__TASK BRIEF__
Without adding anything, give again the lines from the one holding "Fig. 02 - Catheter" through the final line of the records, exactly, with both ends included and pictures dropped.

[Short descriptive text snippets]
....................
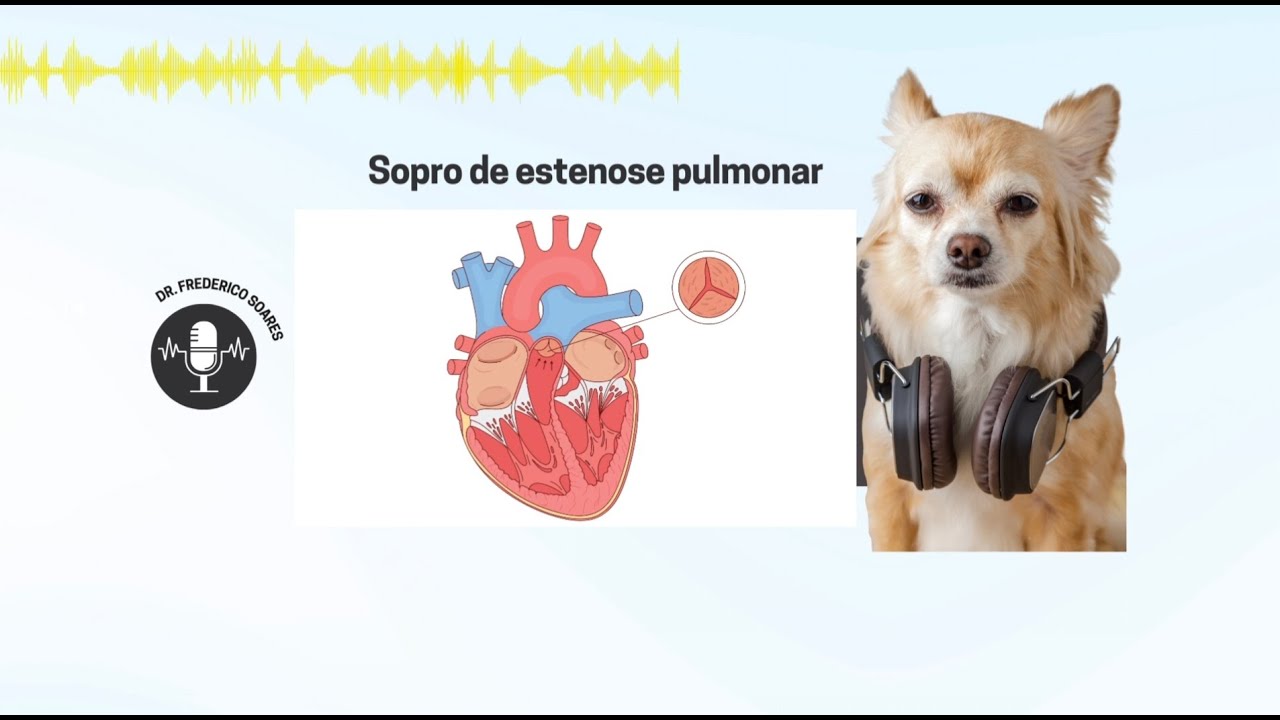 Sopro de estenose pulmonar | EP. 17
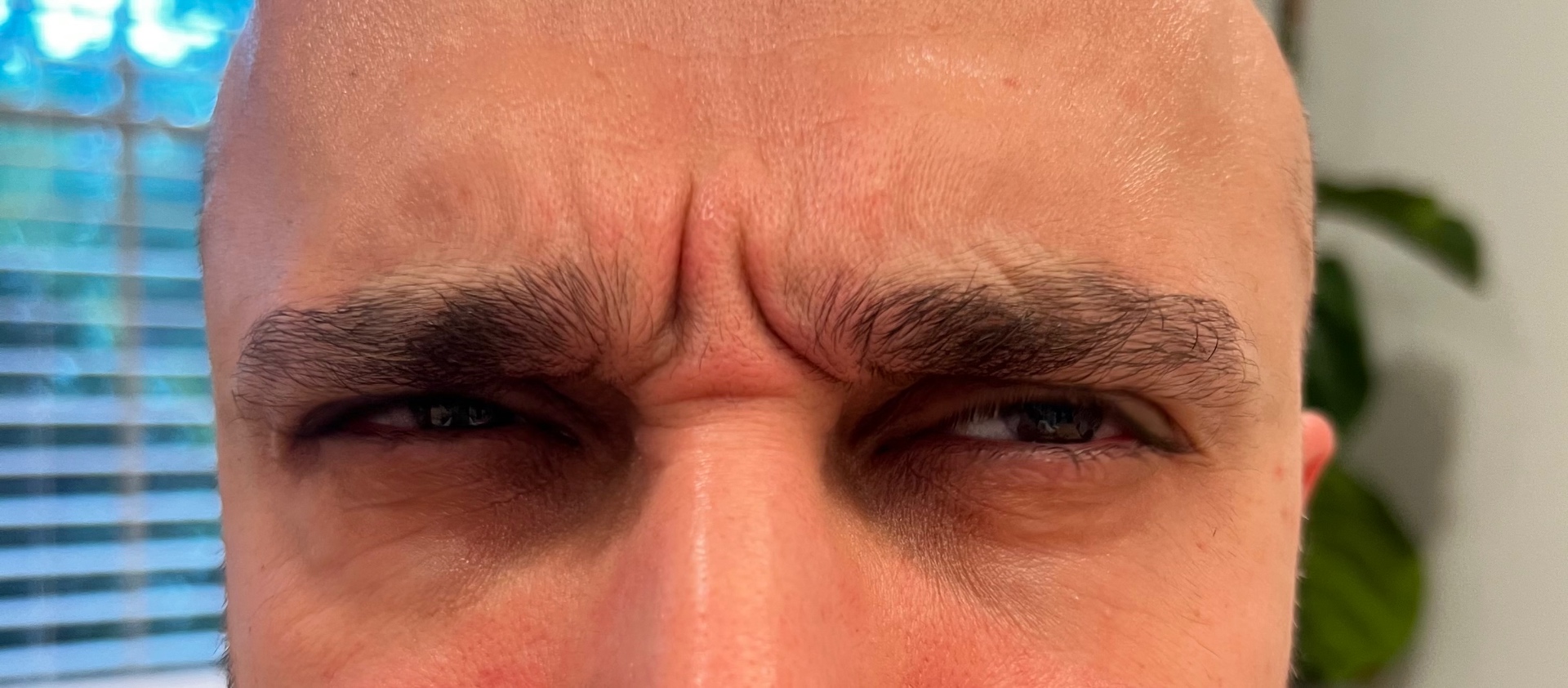 Botox · Glabellar 11s — before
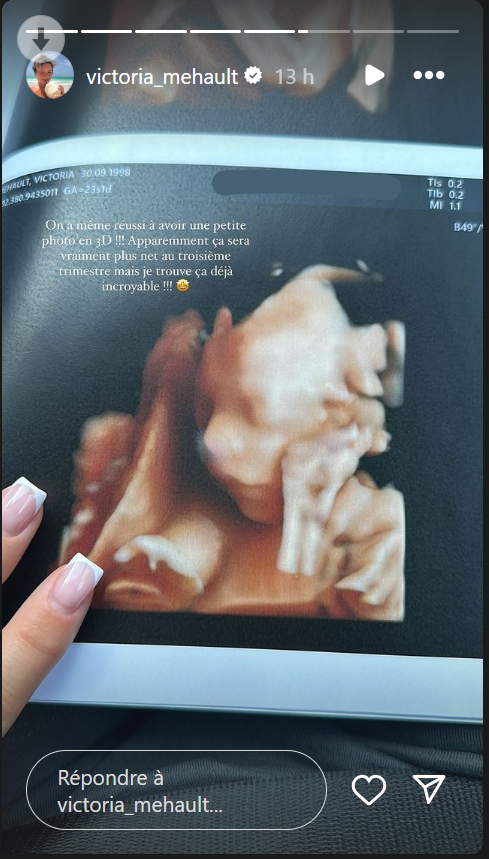 Victoria Mehault bientôt maman : la première photo de son futur bébé dévoilée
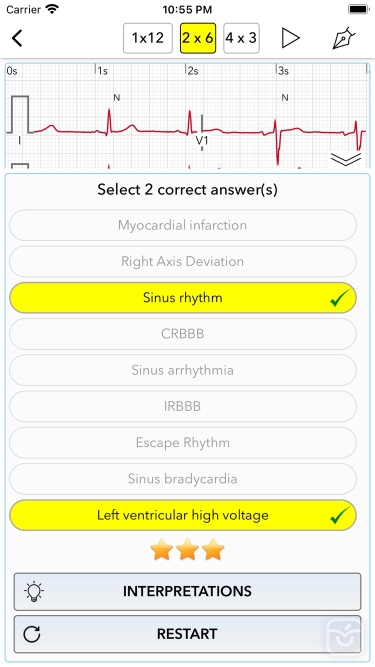 تصاویر ECG Test Pro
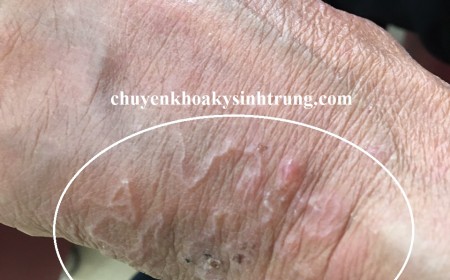 ẤU TRÙNG SÁN CHÓ DI CHUYỂN QUA DA GÂY NGỨA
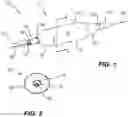 Fig. 02 - Catheter with markings to facilitate alignment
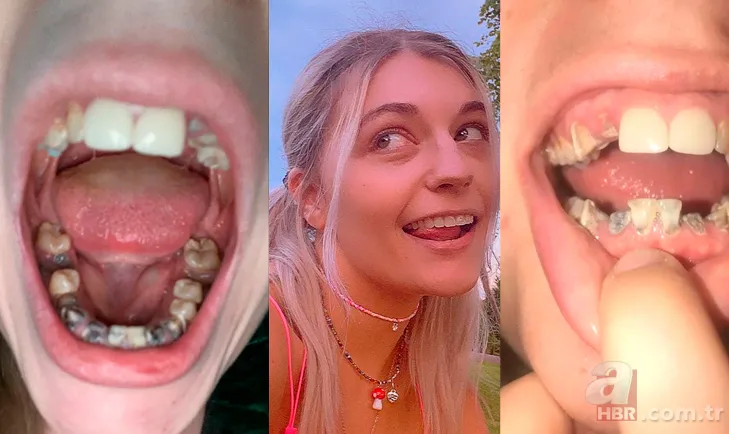 Herkes aynı hatayı yapıyor! 23 yaşında bütün dişleri döküldü 1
....................
__SOLUTION TO THE PROBLEM__
 Fig. 02 - Catheter with markings to facilitate alignment
 Herkes aynı hatayı yapıyor! 23 yaşında bütün dişleri döküldü 1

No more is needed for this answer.